Prepare quinoa. If quinoa is not pre-rinsed, place in a fine mesh strainer and rinse under cold water for several minutes.

Place quinoa in a 2-quart sauce pan with 1/4 teaspoon of salt and bring to a boil. Reduce heat and simmer, covered, until all the water is absorbed, about 18 to 20 minutes. Remove from the heat and let rest for another 10 minutes.

While the quinoa is cooking, steam the kale until tender, about 10 minutes.

Meanwhile, thinly slice the avocado and set aside.

To prepare the kale bowl, place one quarter of the cooked quinoa in each of four bowls.

I used multi-colored quinoa as the base of this kale bowl.

Place one quarter of the steamed kale over the quinoa.

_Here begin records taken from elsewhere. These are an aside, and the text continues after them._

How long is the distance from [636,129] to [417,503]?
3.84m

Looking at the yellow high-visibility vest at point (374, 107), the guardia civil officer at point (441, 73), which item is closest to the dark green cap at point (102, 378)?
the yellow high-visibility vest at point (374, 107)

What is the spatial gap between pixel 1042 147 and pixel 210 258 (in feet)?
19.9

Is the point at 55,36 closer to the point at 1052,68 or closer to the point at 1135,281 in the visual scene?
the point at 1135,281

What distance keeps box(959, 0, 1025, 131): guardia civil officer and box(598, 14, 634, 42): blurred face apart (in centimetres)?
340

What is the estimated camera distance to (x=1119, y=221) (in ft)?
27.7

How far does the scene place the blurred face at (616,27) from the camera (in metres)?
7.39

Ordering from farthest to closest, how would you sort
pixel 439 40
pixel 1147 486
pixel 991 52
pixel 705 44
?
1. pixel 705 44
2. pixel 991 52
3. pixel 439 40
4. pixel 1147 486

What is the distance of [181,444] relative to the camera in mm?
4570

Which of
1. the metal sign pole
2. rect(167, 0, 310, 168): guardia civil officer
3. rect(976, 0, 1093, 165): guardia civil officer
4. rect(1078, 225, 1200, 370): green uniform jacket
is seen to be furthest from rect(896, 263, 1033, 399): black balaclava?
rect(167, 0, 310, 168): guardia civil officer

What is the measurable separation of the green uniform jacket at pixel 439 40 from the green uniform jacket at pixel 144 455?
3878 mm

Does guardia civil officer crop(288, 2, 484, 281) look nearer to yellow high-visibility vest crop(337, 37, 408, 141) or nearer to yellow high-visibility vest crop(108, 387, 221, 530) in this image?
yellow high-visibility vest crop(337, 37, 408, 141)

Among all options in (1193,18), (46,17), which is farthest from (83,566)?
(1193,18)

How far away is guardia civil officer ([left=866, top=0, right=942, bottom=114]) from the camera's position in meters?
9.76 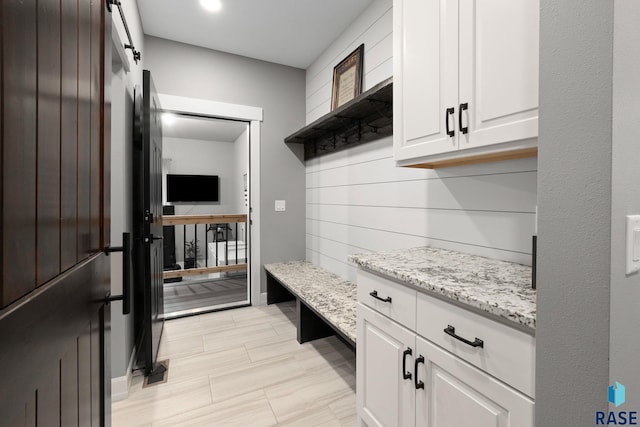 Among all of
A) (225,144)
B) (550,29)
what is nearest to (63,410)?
(550,29)

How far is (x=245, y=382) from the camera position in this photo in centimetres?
197

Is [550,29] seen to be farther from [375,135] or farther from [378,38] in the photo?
[378,38]

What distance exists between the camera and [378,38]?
225cm

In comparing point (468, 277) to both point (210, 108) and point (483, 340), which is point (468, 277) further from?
point (210, 108)

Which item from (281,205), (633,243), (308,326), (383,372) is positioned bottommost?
(308,326)

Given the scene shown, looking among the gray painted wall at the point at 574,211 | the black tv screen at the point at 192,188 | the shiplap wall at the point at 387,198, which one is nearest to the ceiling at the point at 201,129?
the black tv screen at the point at 192,188

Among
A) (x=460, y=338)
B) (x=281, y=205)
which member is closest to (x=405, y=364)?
(x=460, y=338)

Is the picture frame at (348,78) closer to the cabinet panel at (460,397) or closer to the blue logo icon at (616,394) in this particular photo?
the cabinet panel at (460,397)

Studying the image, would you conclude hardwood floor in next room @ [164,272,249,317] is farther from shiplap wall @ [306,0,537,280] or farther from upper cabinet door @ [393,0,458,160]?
upper cabinet door @ [393,0,458,160]

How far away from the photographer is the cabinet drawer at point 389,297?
1.18 meters

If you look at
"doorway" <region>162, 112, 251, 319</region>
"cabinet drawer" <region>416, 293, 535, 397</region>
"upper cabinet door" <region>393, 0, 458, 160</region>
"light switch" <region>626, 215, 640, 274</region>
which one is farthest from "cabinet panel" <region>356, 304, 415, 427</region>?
"doorway" <region>162, 112, 251, 319</region>

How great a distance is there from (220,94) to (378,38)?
68.6 inches

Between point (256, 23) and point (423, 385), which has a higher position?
point (256, 23)

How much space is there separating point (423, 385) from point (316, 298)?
4.08 ft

Place one quarter of the avocado slices over the kale.



Squeeze fresh lemon juice over each bowl and sprinkle each with one quarter of the hemp seeds and a little salt. Serve immediately.



Per serving: 277 calories, 10.5 g fat, 1 g saturated fat, 789 mg omega-3 and 3,182 mg omega-6 fatty acids, 0 mg of cholesterol, 11 g protein, 38 g carbohydrates, 7 g dietary fiber, and 179 mg sodium (not counting the final pinch of salt).